In banking, country limit refers to the limit placed by a bank on the number of loans that can be given to borrowers in a particular country. Bank limits are similar to the industry limits used by some stock investors to manage their exposure to specific industry sectors.

Key Takeaways

  • Country limits are the restrictions placed by banks on the amount of loans which can be made to borrowers within a given country.
  • They are used to control the banks' risk exposure to particular regions.
  • Although country risks apply to the nation as a whole, the bank will perform additional credit checks and risk-control measures when assessing individual loans.

Understanding Country Limits

Country limits typically apply to all borrowers, regardless of whether they are public or private, individual or institutional. They also apply to all kinds of loans, including mortgages, business loans and lines of credit (LOCs), personal loans, and any other forms of borrowing. Although factors such as the creditworthiness of borrowers are of course considered when assessing individual loan applications, they are not relevant for the purposes of the country limit restriction.

The intention behind a country limit is to help banks ensure that their risks are well diversified geographically. If a significant share of a bank's loan portfolio is concentrated in just a few foreign countries, the bank may be unduly exposed to political, economic, and currency risks associated with those countries. Therefore, banks use country limits to diversify their loan portfolios just as investors seek to diversify their stock portfolios.

Many factors are used to determine a given country's country limit. The nation's political stability is of the utmost concern, because political unrest in a foreign country may result in a loan default, regardless of a personal or institutional borrower's stability. In fact, even in politically stable countries, the political climate should be considered when setting a country limit, because a nation's political climate has a strong influence over its financial stability and economic policies.

Aside from perceived political risks, another major factor is the economic strength of the nations in question. Nations with strong and diversified economies may be given a higher country limit, since the borrowers in those countries will be more likely to repay their debts. Countries with weak economies, on the other hand, will receive lower country limits—particularly if they suffer from severe inflation and volatile currency values.

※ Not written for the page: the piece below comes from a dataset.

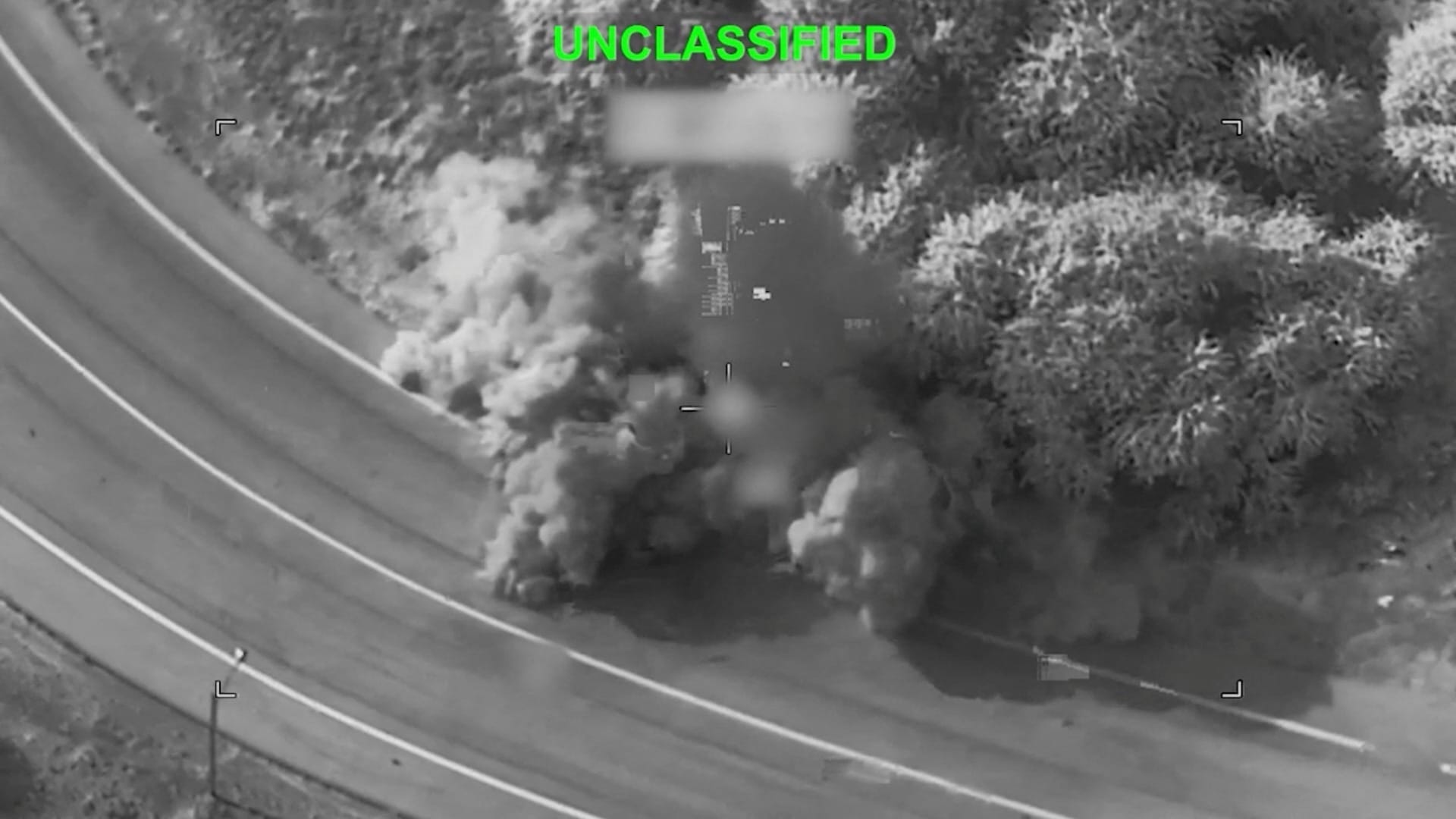 EUA destroem torre de vigilância para Ormuz; Irã sinaliza retaliação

Banks also consider countries' regulatory environments when considering their country limits. Generally speaking, banks prefer operating in countries with fewer regulations in which banks are relatively free to conduct business. On the other hand, countries with excessively underdeveloped regulatory systems may be prone to increased fraud and corruption, which can undermine business confidence and decrease country limits.

Credit Risk Management

While country limits dictate how much money a bank is willing to lend to borrowers within a given country, they do not mean that borrowers within that country aren't subject to careful scrutiny before they are awarded a loan. Personal and institutional borrowers are subject to credit checks, and banks will generally try to choose low-risk borrowers, regardless of any country limits in place.

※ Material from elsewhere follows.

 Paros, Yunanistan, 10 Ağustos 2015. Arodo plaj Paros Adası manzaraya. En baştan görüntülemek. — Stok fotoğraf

Real World Example of a Country Limit

For American banks, country limits are generally highest in relation to countries whose economies and political systems are perceived to be relatively predictable and robust. Examples include the members of the Group of Seven (G7), such as the United Kingdom (U.K.), Germany, and Canada. Some Asian countries, such as Japan or South Korea, are also likely to receive relatively high country limits due to their strong economies and stable political climates.

Banks may also raise country limits if they feel that a particular country or region is poised for significant economic growth. For instance, countries such as China and India may see increased country limits in the years ahead as their share of global gross domestic product (GDP) continues to climb.